Patients were stratified and randomized 1:1 to abiraterone acetate 1,000 mg plus prednisone/prednisolone 5 mg bid (abiraterone-prednisone) vs placebo plus prednisone/prednisolone 5 mg bid (prednisone alone). Co-primary end points were radiographic progression-free survival (rPFS) and OS. Median time to event and hazard ratio (HR) were estimated using Kaplan-Meier method and Cox model, respectively.

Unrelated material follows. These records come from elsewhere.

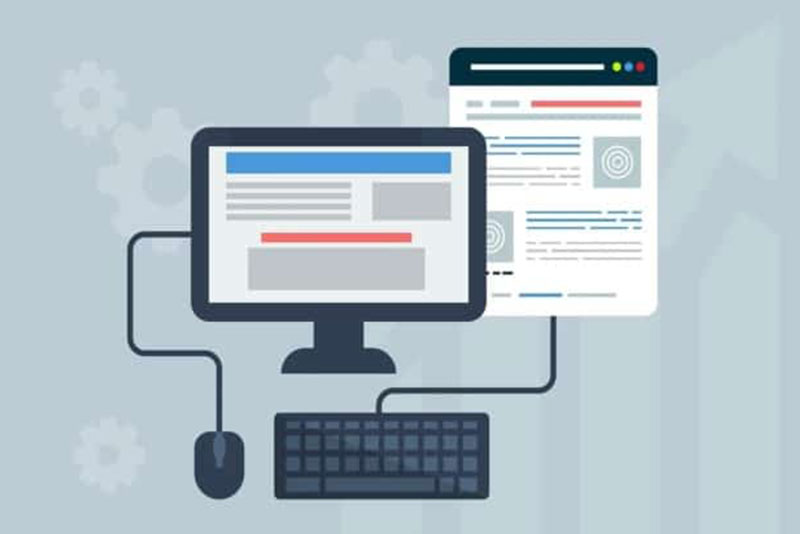 Mobile App Developer Kedah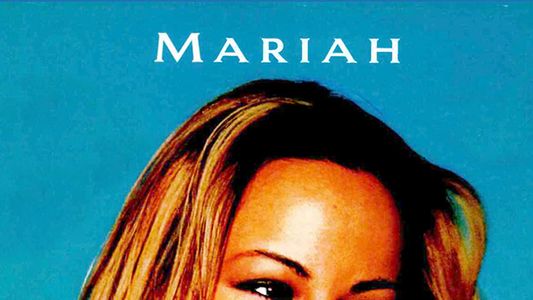 Mariah Carey's Homecoming Special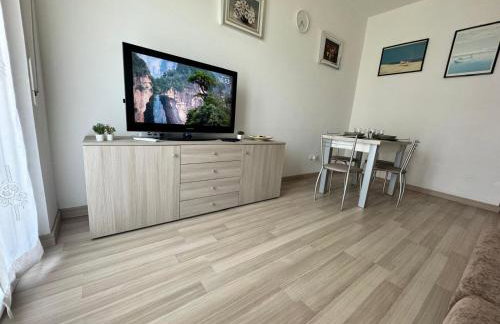 Borghetto Beach House - Affitti Brevi Italia - Foto 18
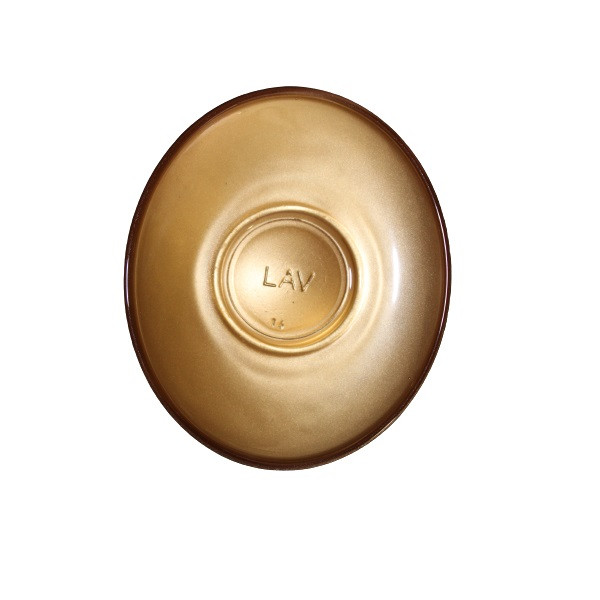 سرویس چای خوری 12 پارچه لاو مدل IKRAMS2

Elderly patients (n=350) treated with abiraterone-prednisone had significant improvements in OS and rPFS vs prednisone alone (HR=0.71 [95% CI 0.53-0.96] and HR=0.63 [95% CI 0.48-0.83], respectively), similar to younger patients (n=738, HR=0.81 [95% CI 0.63-1.03] and HR=0.49 [95% CI 0.40-0.59], respectively). All secondary end points favored the abiraterone-prednisone arm for both age subgroups. Specific adverse events with abiraterone-prednisone were similar between age subgroups. Elderly patients in both treatment arms had higher rates of fluid retention and cardiac disorders than younger patients, although rates of dose reduction or treatment interruptions due to adverse events were low in both age subgroups.

Abiraterone acetate demonstrated clinical benefit and was well tolerated in both elderly and younger men with chemotherapy-naïve metastatic castration-resistant prostate cancer, thus supporting it as a treatment option for elderly patients who may not tolerate other therapies with greater toxicity. ClinicalTrials.gov: NCT00887198.